This article will prove the number of concepts:
Thus, a virtual machine with four 3T disks assigned to it was created. This will simulate the creation of a homebrew NAS. The number of disks can be any more than two. I like RedHat, so Fedora (25 version is the latest stable version at this time) will be used in POC
If you repeat this POC with KVM, then use VIRTIO disks, not SCSI (I had a problem with booting from another disk other than the first SCSI).
When installing, select only one (first, vda) disk and select I will configure partitioning. The Done. In a new window, select the LVM schema and click Click here to create them automatically. For you, several partitions and logical volumes have been created. Remove /home, /boot and change the size of the root LV to be 3G (we will install the minimum OS). The final configuration will include:
Click Done, Accept Changes. At software selection, choose Minimal Install and Done. Begin Installation. When installing, set the root password.
Login to new system:
[root@lvmraid ~]# parted /dev/vda print Model: QEMU QEMU HARDDISK (virtblk) Disk /dev/vda: 3299GB Sector size (logical/physical): 512B/512B Partition Table: gpt Disk Flags: pmbr_boot Number Start End Size File system Name Flags 1 1049kB 2097kB 1049kB bios_grub 2 2097kB 5467MB 5465MB lvm
As you can see, there is no separate /boot partition, but the system boots without problems. Open the /boot/grub2/grub.cfg file to understand what is happening. Let's look at it (the lines are wrapped to fit on the screen):
menuentry 'Fedora (4.11.5-200.fc25.x86_64) 25 (Twenty Five)' --class fedora --class gnu-linux --class gnu --class os --unrestricted $menuentry_id_option 'gnulinux-4.11.5-200.fc25.x86_64-advanced-8a988bbc-ae0c-4031-b494-47ec547fccde' { load_video set gfxpayload=keep insmod gzio insmod part_gpt insmod lvm insmod xfs set root='lvmid/tdBs7T-BM2b-A1e1-6hBU-f2ta-deYo-pTJxzB/ejNHG1-VyOb-JKtz-lBCF-BdJs-8jej-tRs4ce' if [ x$feature_platform_search_hint = xy ]; then search --no-floppy --fs-uuid --set=root --hint='lvmid/tdBs7T-BM2b-A1e1-6hBU-f2ta-deYo-pTJxzB/ejNHG1-VyOb-JKtz-lBCF-BdJs-8jej-tRs4ce' 8a988bbc-ae0c-4031-b494-47ec547fccde else search --no-floppy --fs-uuid --set=root 8a988bbc-ae0c-4031-b494-47ec547fccde fi linux16 /boot/vmlinuz-4.11.5-200.fc25.x86_64 root=/dev/mapper/fedora-root ro rd.lvm.lv=fedora/root rd.lvm.lv=fedora/swap rhgb quiet LANG=en_US.UTF-8 initrd16 /boot/initramfs-4.11.5-200.fc25.x86_64.img }
The brown colored entry is file system's UUID, blue entry is VG UUID and green entry is LV UUID. The GRUB2 will search for FS UUID that resides in LV UUID in VG UUID.

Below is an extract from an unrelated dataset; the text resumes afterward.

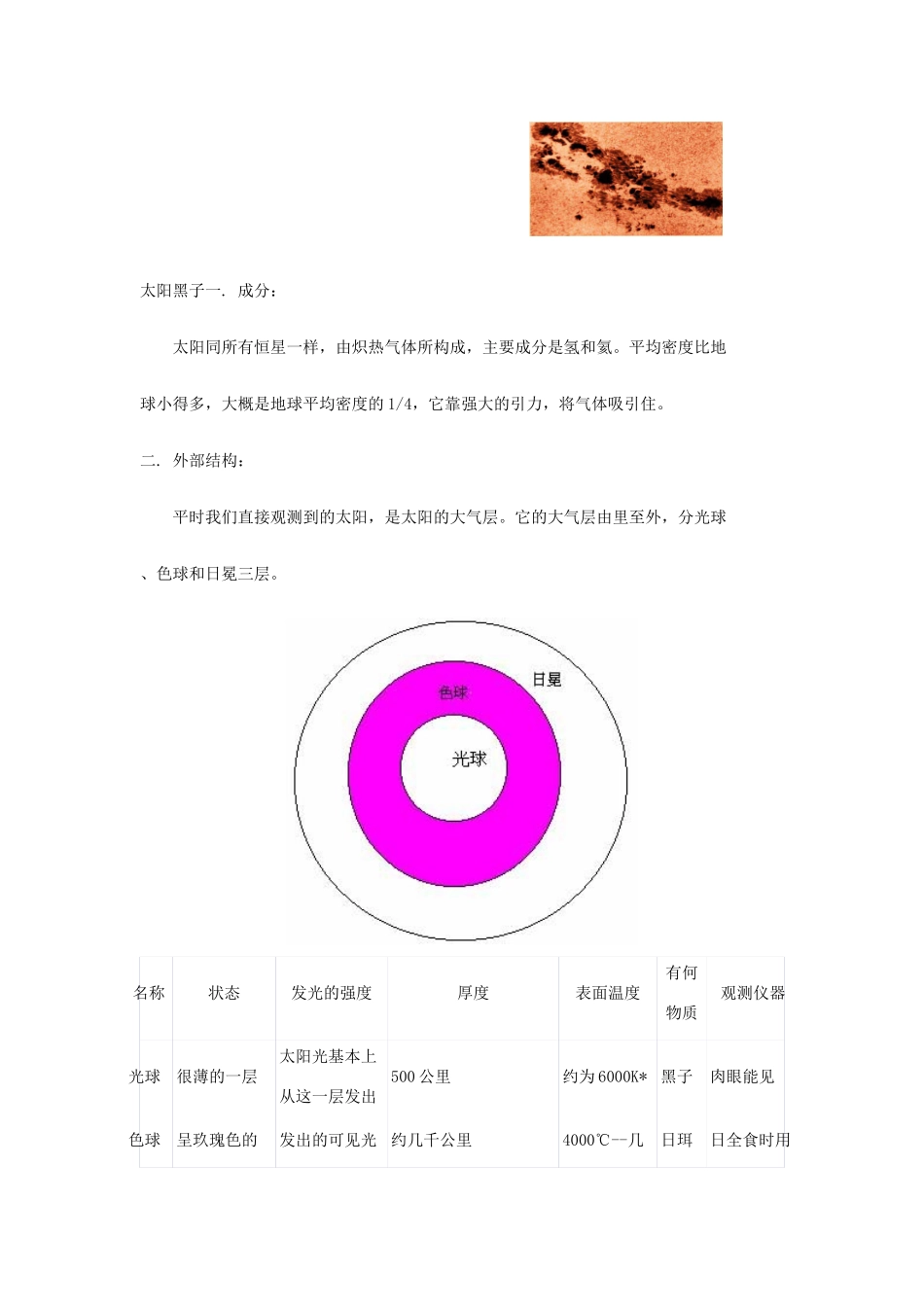 高中地理《太阳和太阳系》学案1 中图版选修1_第2页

[root@lvmraid ~]# df / Filesystem 1K-blocks Used Available Use% Mounted on /dev/mapper/fedora-root 3135488 1047916 2087572 34% / [root@lvmraid ~]# blkid /dev/mapper/fedora-root /dev/mapper/fedora-root: UUID="8a988bbc-ae0c-4031-b494-47ec547fccde" TYPE="xfs" [root@lvmraid ~]# vgdisplay fedora | grep UUID VG UUID tdBs7T-BM2b-A1e1-6hBU-f2ta-deYo-pTJxzB [root@lvmraid ~]# lvdisplay /dev/fedora/root | grep UUID LV UUID ejNHG1-VyOb-JKtz-lBCF-BdJs-8jej-tRs4ce
grub2-install will use this information to copy the necessary grub modules to the BIOS Boot partition and point to the LV that contains the /boot directory. Thus, GRUB2 itself can do everything it takes to mount root file system. Soon, the initrd will not be needed again.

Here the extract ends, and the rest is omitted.